The Fraternal Order of Police said on Thursday that it was not happy about the Ohio State Highway Patrol's plan to crack down on dangerous driving in three cities, including Columbus.
In June, troopers will also focus on dangerous driving, with around-the-clock operations also planned for Cincinnati and Cleveland, 10TV's Maureen Kocot reported.
"We've gone from having troopers from adjacent patrol posts provide that visibility on (Interstate) 270 to having 17 troopers assigned here in Franklin County," said Ohio State Highway Patrol Lt. Gary Lewis.
Franklin County leads the state in traffic fatalities. Troopers said that they have investigated 20 fatal crashes so far in 2012.
The FOP, the union that represents police officers and sheriff's deputies, is complaining because Ohio budget cuts have forced layoffs of both officers and deputies.
"Look at all the agencies in Franklin County, these interstates are pretty well covered," said Michael Weinman, the FOP's Director of Government Affairs.
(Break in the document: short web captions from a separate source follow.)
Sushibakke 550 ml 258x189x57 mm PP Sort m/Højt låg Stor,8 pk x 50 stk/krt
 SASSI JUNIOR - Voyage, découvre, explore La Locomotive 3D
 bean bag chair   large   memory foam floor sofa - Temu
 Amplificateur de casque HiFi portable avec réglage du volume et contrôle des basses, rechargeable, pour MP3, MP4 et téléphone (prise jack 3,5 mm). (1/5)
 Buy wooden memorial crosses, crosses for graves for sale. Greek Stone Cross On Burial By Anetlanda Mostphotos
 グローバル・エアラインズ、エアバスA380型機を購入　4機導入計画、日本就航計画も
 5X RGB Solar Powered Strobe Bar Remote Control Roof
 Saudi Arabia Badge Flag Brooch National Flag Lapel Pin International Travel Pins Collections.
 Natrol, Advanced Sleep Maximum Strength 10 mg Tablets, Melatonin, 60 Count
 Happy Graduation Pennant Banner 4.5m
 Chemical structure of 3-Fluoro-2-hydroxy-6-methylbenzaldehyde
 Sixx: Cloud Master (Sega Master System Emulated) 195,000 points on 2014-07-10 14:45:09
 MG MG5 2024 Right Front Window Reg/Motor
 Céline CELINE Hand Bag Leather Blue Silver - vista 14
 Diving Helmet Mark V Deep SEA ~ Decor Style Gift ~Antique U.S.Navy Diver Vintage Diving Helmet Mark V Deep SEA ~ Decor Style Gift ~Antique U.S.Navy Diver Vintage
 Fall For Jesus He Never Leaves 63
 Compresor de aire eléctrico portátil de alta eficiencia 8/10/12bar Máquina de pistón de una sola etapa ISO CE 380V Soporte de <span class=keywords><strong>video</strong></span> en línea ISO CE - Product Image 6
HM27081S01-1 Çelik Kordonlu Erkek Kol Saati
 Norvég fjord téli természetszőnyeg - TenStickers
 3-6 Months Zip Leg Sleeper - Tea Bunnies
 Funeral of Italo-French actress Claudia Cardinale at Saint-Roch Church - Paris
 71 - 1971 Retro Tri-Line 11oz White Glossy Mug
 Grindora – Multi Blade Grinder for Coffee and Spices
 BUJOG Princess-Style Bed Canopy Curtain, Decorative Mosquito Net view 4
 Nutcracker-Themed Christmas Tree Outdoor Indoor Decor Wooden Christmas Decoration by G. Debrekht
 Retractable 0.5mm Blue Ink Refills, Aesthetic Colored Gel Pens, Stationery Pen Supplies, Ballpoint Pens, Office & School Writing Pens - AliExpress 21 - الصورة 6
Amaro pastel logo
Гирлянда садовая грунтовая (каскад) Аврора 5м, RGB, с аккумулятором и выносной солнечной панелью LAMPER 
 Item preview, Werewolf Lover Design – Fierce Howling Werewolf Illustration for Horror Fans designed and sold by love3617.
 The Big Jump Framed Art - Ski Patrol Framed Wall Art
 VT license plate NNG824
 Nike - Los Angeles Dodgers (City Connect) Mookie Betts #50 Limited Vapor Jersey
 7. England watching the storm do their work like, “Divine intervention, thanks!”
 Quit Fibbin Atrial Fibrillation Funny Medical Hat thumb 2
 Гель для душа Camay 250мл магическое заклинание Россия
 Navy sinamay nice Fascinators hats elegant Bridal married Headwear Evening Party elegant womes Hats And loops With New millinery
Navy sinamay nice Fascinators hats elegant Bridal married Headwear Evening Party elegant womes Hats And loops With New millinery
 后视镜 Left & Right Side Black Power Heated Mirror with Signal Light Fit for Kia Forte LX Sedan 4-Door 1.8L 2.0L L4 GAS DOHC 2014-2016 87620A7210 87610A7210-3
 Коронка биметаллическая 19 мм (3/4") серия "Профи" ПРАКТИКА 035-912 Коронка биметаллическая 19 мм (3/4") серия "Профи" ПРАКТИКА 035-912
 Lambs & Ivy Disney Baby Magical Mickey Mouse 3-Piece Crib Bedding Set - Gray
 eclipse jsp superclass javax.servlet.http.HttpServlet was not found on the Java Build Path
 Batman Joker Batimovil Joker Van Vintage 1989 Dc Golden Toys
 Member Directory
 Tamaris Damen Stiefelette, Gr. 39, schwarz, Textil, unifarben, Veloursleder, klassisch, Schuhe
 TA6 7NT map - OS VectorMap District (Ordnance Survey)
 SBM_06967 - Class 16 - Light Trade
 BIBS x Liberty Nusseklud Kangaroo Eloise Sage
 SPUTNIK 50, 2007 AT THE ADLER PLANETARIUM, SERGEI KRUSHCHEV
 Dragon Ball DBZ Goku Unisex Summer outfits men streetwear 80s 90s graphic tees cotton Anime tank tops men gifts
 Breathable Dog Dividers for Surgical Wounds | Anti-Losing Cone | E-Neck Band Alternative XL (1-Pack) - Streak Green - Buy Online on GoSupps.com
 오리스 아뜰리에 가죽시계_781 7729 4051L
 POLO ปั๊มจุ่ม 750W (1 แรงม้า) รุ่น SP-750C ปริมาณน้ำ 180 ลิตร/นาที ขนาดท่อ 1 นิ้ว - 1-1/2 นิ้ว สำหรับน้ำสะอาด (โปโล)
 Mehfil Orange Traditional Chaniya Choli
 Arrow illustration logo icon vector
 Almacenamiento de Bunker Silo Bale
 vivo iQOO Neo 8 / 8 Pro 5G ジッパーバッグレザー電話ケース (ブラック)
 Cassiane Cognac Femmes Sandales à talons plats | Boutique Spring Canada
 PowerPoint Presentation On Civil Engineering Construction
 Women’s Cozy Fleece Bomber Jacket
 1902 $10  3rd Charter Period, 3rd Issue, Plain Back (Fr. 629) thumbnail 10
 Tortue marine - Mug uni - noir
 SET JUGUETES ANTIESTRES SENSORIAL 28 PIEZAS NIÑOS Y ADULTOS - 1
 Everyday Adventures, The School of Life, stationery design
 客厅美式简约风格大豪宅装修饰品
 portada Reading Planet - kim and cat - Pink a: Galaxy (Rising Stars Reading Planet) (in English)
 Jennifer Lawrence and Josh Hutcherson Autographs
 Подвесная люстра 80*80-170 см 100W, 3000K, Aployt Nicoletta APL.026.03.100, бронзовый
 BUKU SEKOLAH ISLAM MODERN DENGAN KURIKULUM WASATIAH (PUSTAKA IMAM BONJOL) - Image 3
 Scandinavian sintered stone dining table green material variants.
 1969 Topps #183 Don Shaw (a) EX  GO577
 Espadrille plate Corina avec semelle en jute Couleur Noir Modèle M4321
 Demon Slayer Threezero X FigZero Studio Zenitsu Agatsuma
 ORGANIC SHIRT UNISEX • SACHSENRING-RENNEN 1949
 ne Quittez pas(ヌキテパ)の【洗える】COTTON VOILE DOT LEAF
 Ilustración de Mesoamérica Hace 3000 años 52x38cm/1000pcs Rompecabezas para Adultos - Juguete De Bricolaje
Weinman argued that the state is funding three Ohio State Highway Patrol classes this year.
The FOP pointed to the patrol's increased involvement in drug seizures in Ohio and a bid to serve as gaming agents in Ohio's privately owned casinos.
"I think all law enforcement agencies have the same goal; reduce crime and save lives," Lewis said.
A statement from Gov. John Kasich's office said that he believes both police and the Ohio State Highway Patrol have the same goal to keep Ohioans safe, but said any suggestions that there is a secret plan to create a statewide police force is "completely silly."